I rarely make PRs to rust-lang/rust, because the nature of my contribution to the Rust project rarely requires it. My penultimate PR was made in September 2018. I made a PR over the last few months and I've found it orders of magnitude more difficult than in 2018, enough that I will actively avoid making code contributions if I can help it in the future.
I am an extremely informed user, who understands the language, the project's processes, etc very intimately. Therefore, if I find it this daunting, I can only imagine that this is a problem for other would-be small contributors. Since I understand the Rust project would like to be accessible for new and infrequent contributors, I wanted to write about my experience to hopefully give useful feedback to the people who maintain the rust-lang/rust repository.
The fundamental issue is time: everything stems from the fact that I did not want to spend the many hours required to do a complete set up, to run tests locally, etc. My contribution was a small addition to the standard library, purely additive, which I could compile and check separately from the main library.
Ultimately I managed to make my contribution without doing a full bootstrap, but even git operations took unreasonably long. My initial clone took around 2 minutes (the repo is now nearly 500 MB), instantiating submodules took 10.
To avoid bootstrapping, I compiled my additions as their own library outside of the Rust repo. I believed this would accurately predict the status of CI builds because I knew no impls added would've been covered by the orphan rules, so I knew it was analogous to the actual code I would add.
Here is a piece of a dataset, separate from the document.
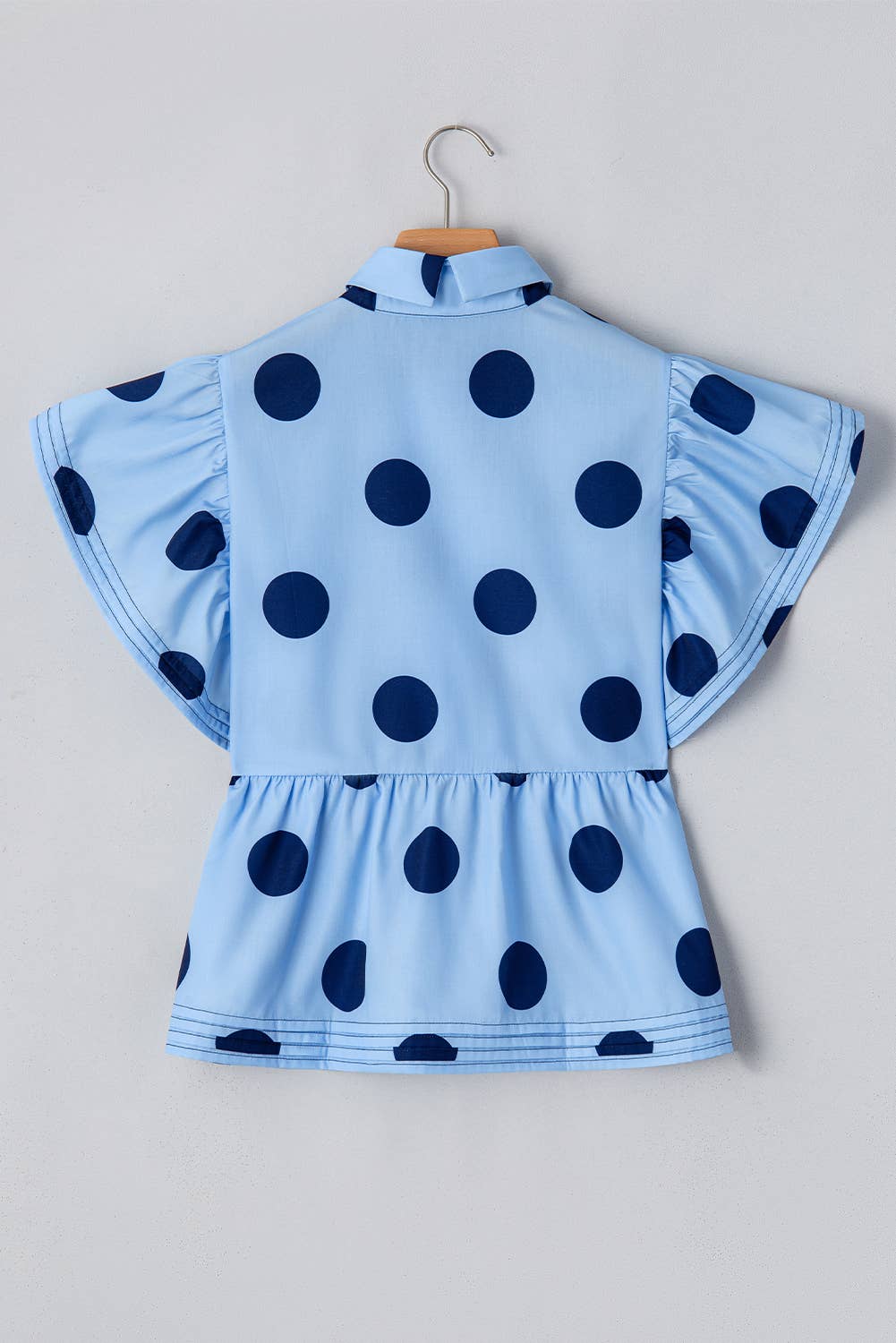 Polka Dot Ruffled Buttoned Collared Blouse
However, I was not prepared for the rust repo's tidy check.
Here are the changes that tidy demanded in order to pass CI. Please judge for yourself whether it was appropriate to block CI on these diffs:
-use core::task::{Waker, RawWaker, RawWakerVTable};
+use core::task::{RawWaker, RawWakerVTable, Waker};
-///
+///
(There was a trailing space in the first line)
- unsafe {
- Waker::from_raw(raw_waker(waker))
- }
+ unsafe { Waker::from_raw(raw_waker(waker)) }
- RawWaker::new(Arc::into_raw(waker) as *const (), &RawWakerVTable::new(
- clone_waker::<W>,
- wake::<W>,
- wake_by_ref::<W>,
- drop_waker::<W>,
- ))
+ RawWaker::new(
+ Arc::into_raw(waker) as *const (),
+ &RawWakerVTable::new(clone_waker::<W>, wake::<W>, wake_by_ref::<W>, drop_waker::<W>),
+ )
(In my opinion this last one has actively made the code much worse!)
It's very easy to lose sight of the experience new and infrequent contributors have when you are a maintainer and regular contributor to a repository. Contributing to the rust repository now requires hours of set up and significantly expensive checks to write code which passes CI. I am afraid the project is becoming encloistered by the size of its repository, the time it takes to set up, and practices which don't consider the experience for people who do not have a current environment already on their machines.